I BARBARI FISICAMENTE PIÙ FORTI: TUTTO BASATO SUL TIPO DI CIBO
BARBARI
Un dato significativo, a tal proposito, riguarda l’alimentazione militare dei Romani composta principalmente da pane, o da una pappa di cereali (puls) accompagnati da olive, cipolle, fichi vino e olio. Anche i legumi secchi consentivano al legionario di trasportare con poco peso e ingombro grandi quantità di cibo.

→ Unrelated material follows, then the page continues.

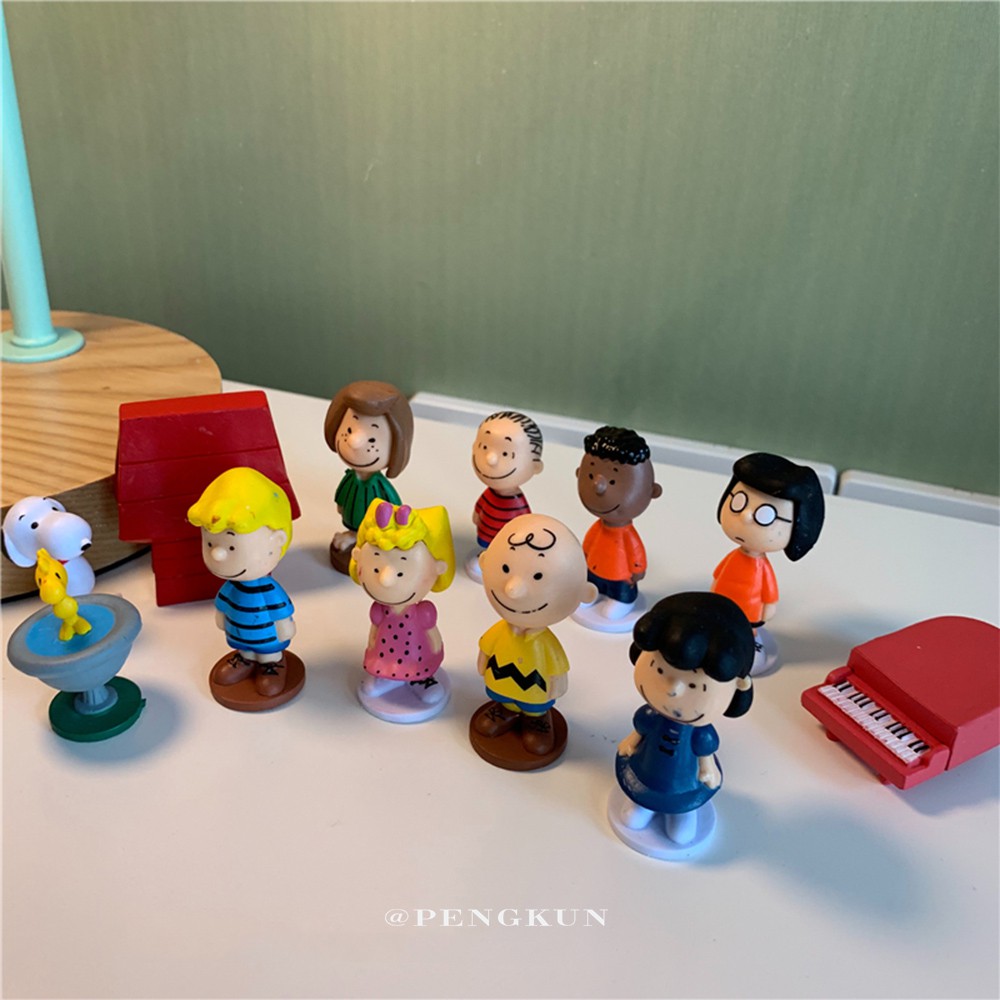 Set 12 Mô Hình Snoopy Hoạt Hình Thủ Công Sáng Tạo Dễ Thương Trang Trí Bàn Làm Việc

«I primi dati attendibili e dettagliati di cui disponiamo - spiega lo storico militare Flavio Russo - possono ricondurre la razione quotidiana del legionario a circa 5000 calore giornaliere per l’uomo intento a lavori di costruzione e a 6000 per il combattente».
ROMA ANTICA E I BARBARI
A quasi un kg e 300 g di cereali, si aggiungevano circa tre etti di carne che però i conquistatori dell’Impero non mangiavano volentieri. Quella dell’esercito romano era una razione più ricca rispetto alla media degli eserciti europei negli ultimi 500 anni, (pari, invece a circa 3500 cal. al giorno) e tendeva a fare del legionario un individuo corpulento, il cui sovrappeso non è solo una leggenda.
LA FORZA E L’AGILITA’
Gli si chiedeva soprattutto di occupare, di sopportare e di resistere. La sua forza (d’inerzia) proveniva dal poter rimanere immobile, ben corazzato, sotto i colpi del nemico. Quando l’esercito romano aveva bisogno di combattenti mobili, svelti e veloci, come ad esempio gli arcieri, impiegava gli alleati barbari.

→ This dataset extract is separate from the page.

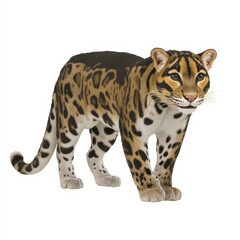 Obraz premium Ocelot: A spotted feline, standing alert, isolated on white.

I CAPPERI SONO I GERMOGLI DI QUESTO FIORE
La superiorità romana nelle imprese belliche era dovuta alla perfetta organizzazione della struttura militare e logistica, al rigore dell’addestramento, alle macchine da guerra e alle armature, alla strategia. Tuttavia, dal punto di vista della forza fisica, il legionario romano era inferiore ai Celti e alle popolazioni germaniche.
«Questo deriva dal fatto – continua Panzironi – che i barbari generalmente non coltivavano i campi, non si nutrivano di cereali e legumi come i Romani, bensì erano cacciatori-raccoglitori e consumavano selvaggina e vegetali. La loro energia, non derivante dal glucosio, ma dal glucagone, prodotto dal consumo dei grassi, durava molto di più e consentiva ai barbari una maggiore resistenza nel combattimento corpo a corpo».
OLIO ANTINFIAMMATORIO E CAPPERI ANTIOSSIDANTI
CAPPERI
Dell’alimentazione romana, Panzironi salva soprattutto l’olio: «Ha dimostrato di prevenire le malattie cardiovascolari. L’oleuropeina contenuta nelle olive nere, tra l’altro, è un polifeonolo che ha capacità antitumorali e antinfiammatorie. Anche i capperi, che i Romani consumavano spesso come aperitivo, sono un alimento preziosissimo dato che è straordinariamente ricco di quercetina, un flavonoide antiossidante e antistaminico».
GALENO, IL MEDICO ROMANO
GALENO
Non solamente oggi ci si preoccupa delle ricadute sulla salute del consumo dei cibi; anche gli uomini dell’antichità si erano accorti di questo stretto rapporto causa-effetto. Galeno (129-210 d.C.), medico personale dell’imperatore Marco Aurelio, fu l’artefice dei principali passi in avanti dell’arte medica in questa direzione. Nei suoi trattati, tradotti da una decina d’anni (Mark Grant «La dieta di Galeno» Ed Mediterranee), si descrivono infatti gli effetti esercitati da alcuni cibi sul corpo umano. Rileggere Galeno, oggi, può essere fonte di studio non solo per i classicisti e per gli storici, ma per tutte le persone interessate alla storia del cibo.